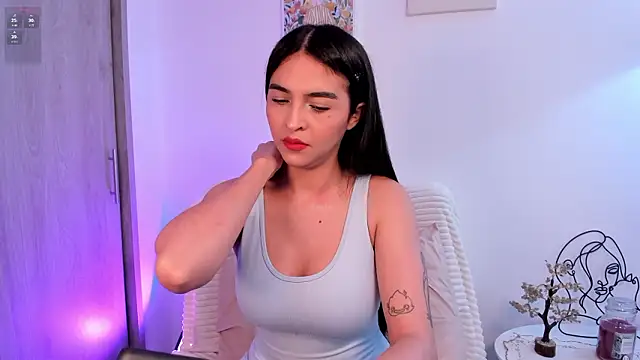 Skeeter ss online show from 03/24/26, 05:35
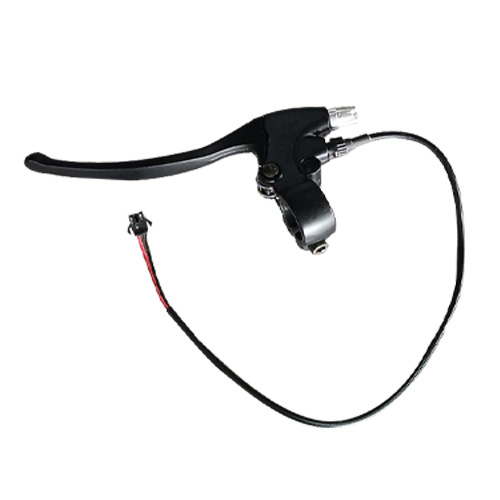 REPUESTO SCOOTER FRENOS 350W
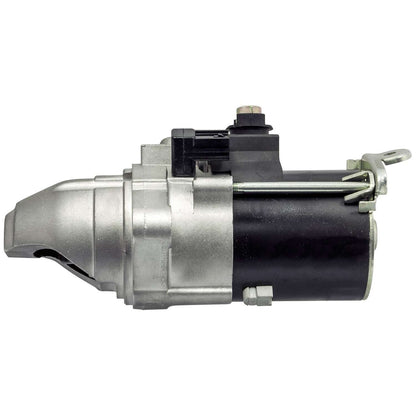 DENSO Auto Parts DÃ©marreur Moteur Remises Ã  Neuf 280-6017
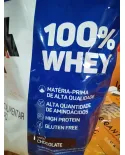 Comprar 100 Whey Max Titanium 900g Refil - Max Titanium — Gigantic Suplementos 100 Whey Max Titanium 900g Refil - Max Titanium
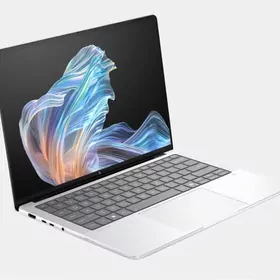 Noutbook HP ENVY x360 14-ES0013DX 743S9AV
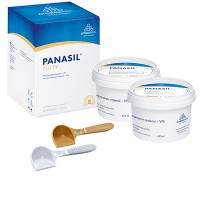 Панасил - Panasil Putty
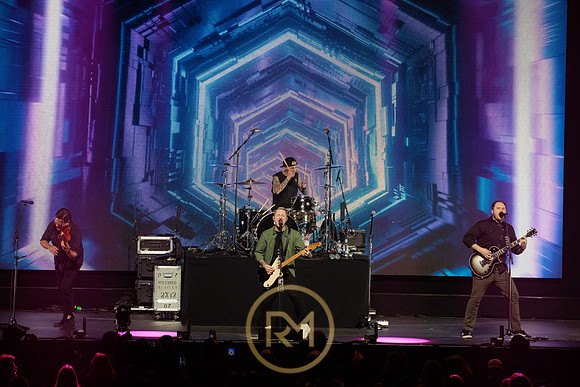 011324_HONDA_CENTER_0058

==================================================

EXERCISE REQUIREMENTS
The reply must hold each line of the records verbatim and no pictures.

ANSWER TO THIS EXERCISE
 Skeeter ss online show from 03/24/26, 05:35
 REPUESTO SCOOTER FRENOS 350W
 DENSO Auto Parts DÃ©marreur Moteur Remises Ã  Neuf 280-6017
 Comprar 100 Whey Max Titanium 900g Refil - Max Titanium — Gigantic Suplementos 100 Whey Max Titanium 900g Refil - Max Titanium
 Noutbook HP ENVY x360 14-ES0013DX 743S9AV
 Панасил - Panasil Putty
 011324_HONDA_CENTER_0058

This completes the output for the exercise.